### [What to produce]
Return the lines of the listing below exactly as they appear, beginning at the one with "Visual Comfort Studio" and stopping after the one with "Electrode Pad Patch"; do not include pictures.

### [Source data]
Start of Block
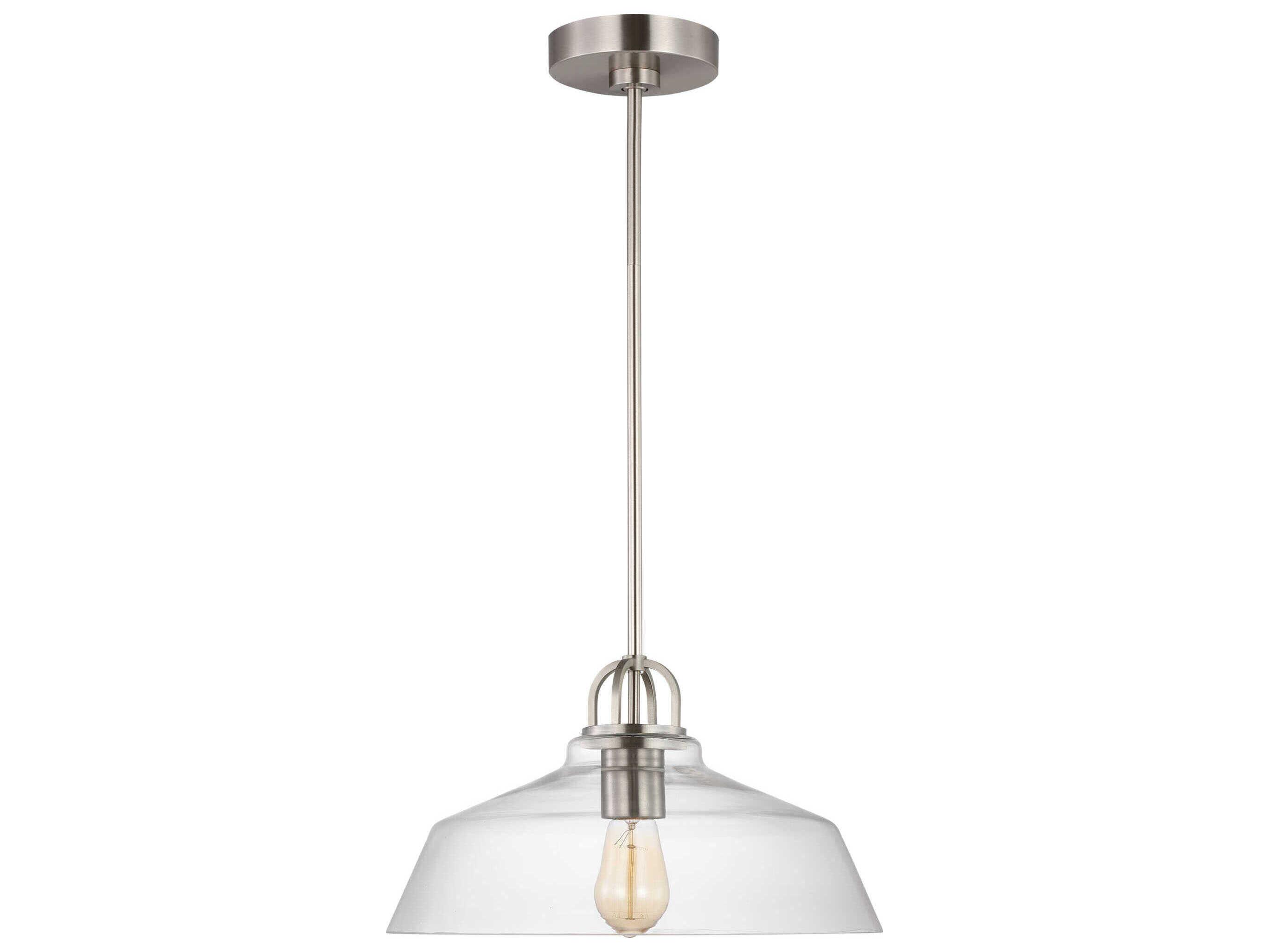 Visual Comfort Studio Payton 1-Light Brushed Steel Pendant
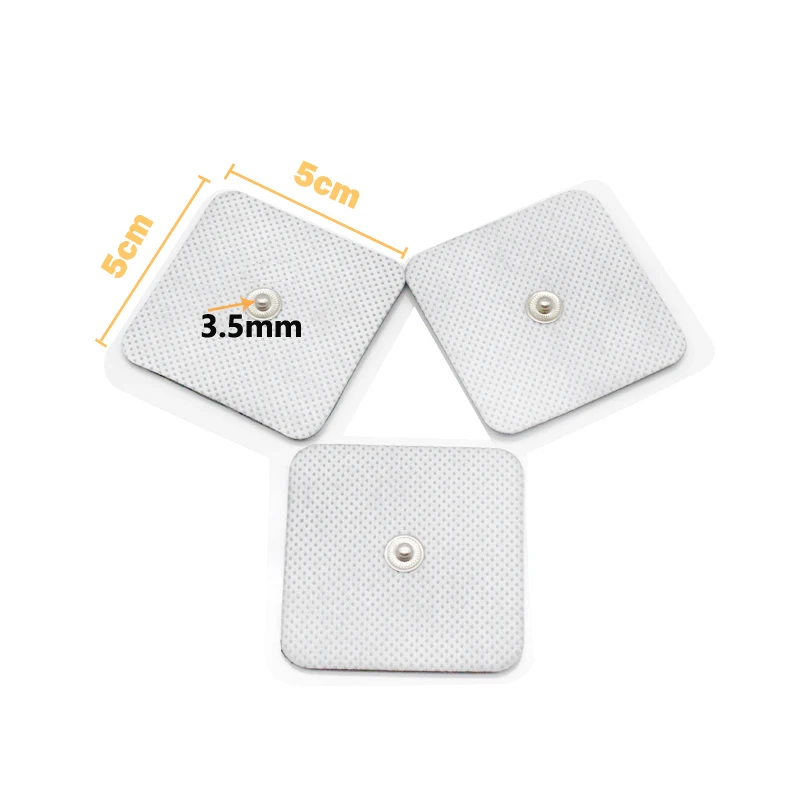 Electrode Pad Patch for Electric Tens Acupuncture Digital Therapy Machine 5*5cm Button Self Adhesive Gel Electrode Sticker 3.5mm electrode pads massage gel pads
End of Block
Start of Block
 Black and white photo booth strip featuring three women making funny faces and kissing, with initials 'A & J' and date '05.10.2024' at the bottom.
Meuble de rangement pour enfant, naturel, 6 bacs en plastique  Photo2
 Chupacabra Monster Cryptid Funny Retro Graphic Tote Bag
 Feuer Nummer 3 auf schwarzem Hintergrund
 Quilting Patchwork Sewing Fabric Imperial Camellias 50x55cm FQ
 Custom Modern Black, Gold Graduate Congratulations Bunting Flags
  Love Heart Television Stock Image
End of Block
### [Output of the exercise]
 Visual Comfort Studio Payton 1-Light Brushed Steel Pendant
 Electrode Pad Patch for Electric Tens Acupuncture Digital Therapy Machine 5*5cm Button Self Adhesive Gel Electrode Sticker 3.5mm electrode pads massage gel pads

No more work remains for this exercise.